O poeta nunca teve lugar na cultura moderna, embora pertença a uma civilização inventada por ele próprio. Então, a primeira pergunta: o que é a vida?
Uma pergunta que provoca uma pirâmide de perguntas: o que é o amor, o que é a poesia, o que é a origem, o que é a língua e a linguagem? Enfim, o que é o corpo? E o ser, o que é? O ser medieval, o que é? E, afinal, a que serve a poesia? Sendo a origem da vida, a poesia se presta mesmo a uma atitude política, e não apenas a uma atitude política, mas a uma condição do ser. E a sua letra, a sua agrafia de origem? Enquanto qualquer pergunta pode ser feita, também qualquer resposta pode ser dada. Mas, naturalmente, existe uma diferença entre perguntar e responder. Inclusive, respostas que podem nascer assentadas por pensamentos que se sustentam, mas a minha pergunta é radicalmente simples e complexa: como entender e suportar a poesia quando a sociedade vive a queda de sua gênese? Quem leu, por exemplo, os cavalos do verbo? A natureza é a violência mais sublime, assim como o amor e também a poesia. O ser humano, acometido pela falta de humanidade, passa pela terra como um fetiche de humano, um arremedo, uma máscara, um personagem de um imaginário em ruptura. Assim, como suportar a imagem no espelho, se a imagem que reflete no espelho é também a imagem ancestral de todos os povos e ainda a imagem de um pai e de uma mãe, um sangue vermelho que tem as cores primárias da existência? E como entender a lira, e não o corpo, como instrumento de sua miséria? Como ser primário, como pensar a poesia que se faz em nome de uma África, eternamente condenada a incompreensão? Mestiço de corpo inteiro pode ser visto com um trabalho de arqueologia da criação humana, quando, naturalmente, o ser humano, como qualquer outro ser, nasce em estado de instinto, instinto que pode ser lido como fusão entre ser e fazer. Ser o quê? Fazer o quê? Ser a vida, fazer a vida, misturar-se ao ser como ser, misturar-se ao ser assim como se misturam os verbos “ser” e “fazer”. O poeta Delmar Maia Gonçalves, através da poesia, levanta a bandeira de um povo que é visto como apenas uma espécie animal, vegetal, mineral, um povo que é povo e quer integrar as vozes que ecoam na humanidade. Mestiço de corpo inteiro: um livro para voltar ao estado de mãe. Mas a mãe – a nação – se tornou uma fábrica de fantoches, o filho fabrica não a mãe, mas a imagem que ele, expulso da água, fabrica para suportar a sua solidão.

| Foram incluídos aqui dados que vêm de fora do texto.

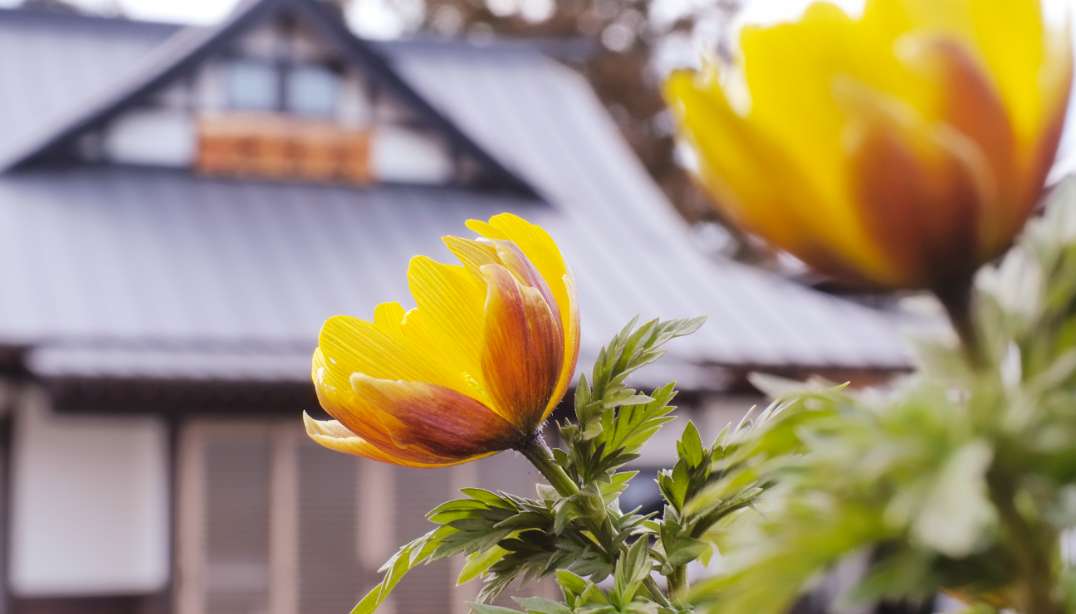 3月中旬 春の目覚め。玉叢苑にフクジュソウが開花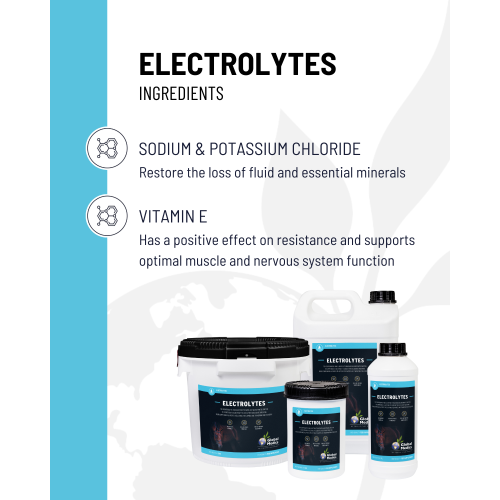 electrolytes-3_2055205937
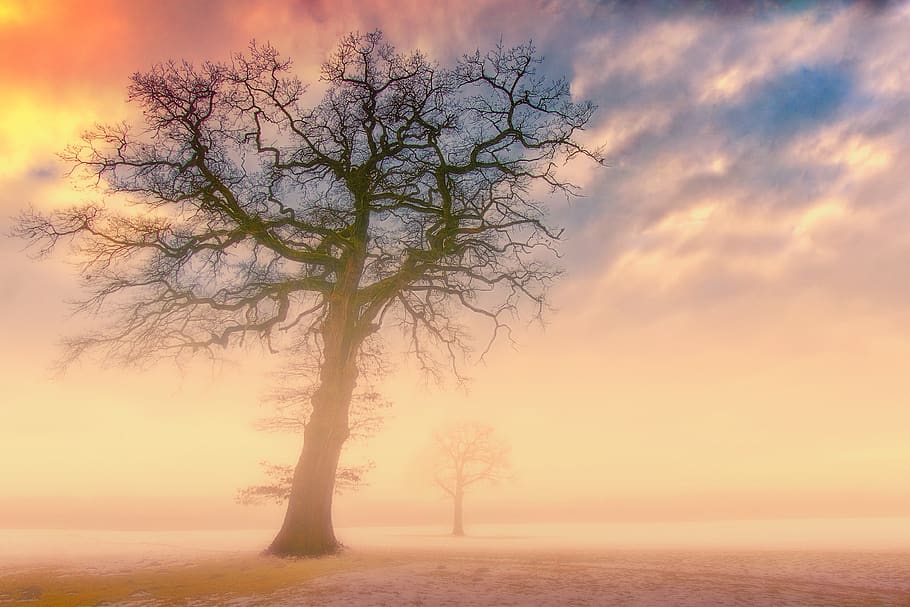 sunset, dawn, nature, sky, dusk, landscape, tree, winter, fog HD wallpaper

Um preâmbulo assim serve para esclarecer que a literatura e seu mundo cercado de teorias não são suficientes para problematizar o universo das letras e das artes e, muito menos, o complexo universo da poesia, tendo em vista que a poesia é, antes de se tornar linguagem, uma viagem ao interior do ser e do cosmos. E o que é, então, o eu poético, se o eu poético é comum ao ser vivo humano? O eu humano. O eu humano e o eu poético, universalmente os mesmos, se multiplicam na unidade da diferença, sendo, simultaneamente, iguais e diferentes em tudo. Portanto, a poesia de Delmar Maia Gonçalves – por favor, não nos esqueçamos de sua cor mestiça – vai carrear para o campo das palavras a sua experiência constitutiva através do fazer poesia. Um fazer que existe porque antes existe o ser em suas idades ancestrais. Não nos esqueçamos também da interpretação da palavra “primitiva”: a vida em todos os sentidos é primitiva sendo presente e futuro através dos antepassados. Ninguém, mesmo o mais Ecce Homo dos seres, poderia convencer alguém apenas com o excesso de uma metamorfose da arte, não de amar, mas de existir, naturalmente. Sim, existir como uma árvore, naturalmente. O poeta Delmar Maia Gonçalves em África Lusíada inventa sim a poesia ao mergulhar profundamente nas águas amnióticas de sua terra. O que pode se entender como origem? A atopia de uma civilização e suas realidades em transe, porque, assim, um sermão é um sermão e uma ascensão é uma ascensão. E quem atravessa a noite escura de um Lázaro condenado não ao martírio de sua lepra, mas à misericórdia de quem se banha em ouro? Lápide é lápide. Esquife, esquife. Mas quem escondeu o sabor da palavra alcaçuz?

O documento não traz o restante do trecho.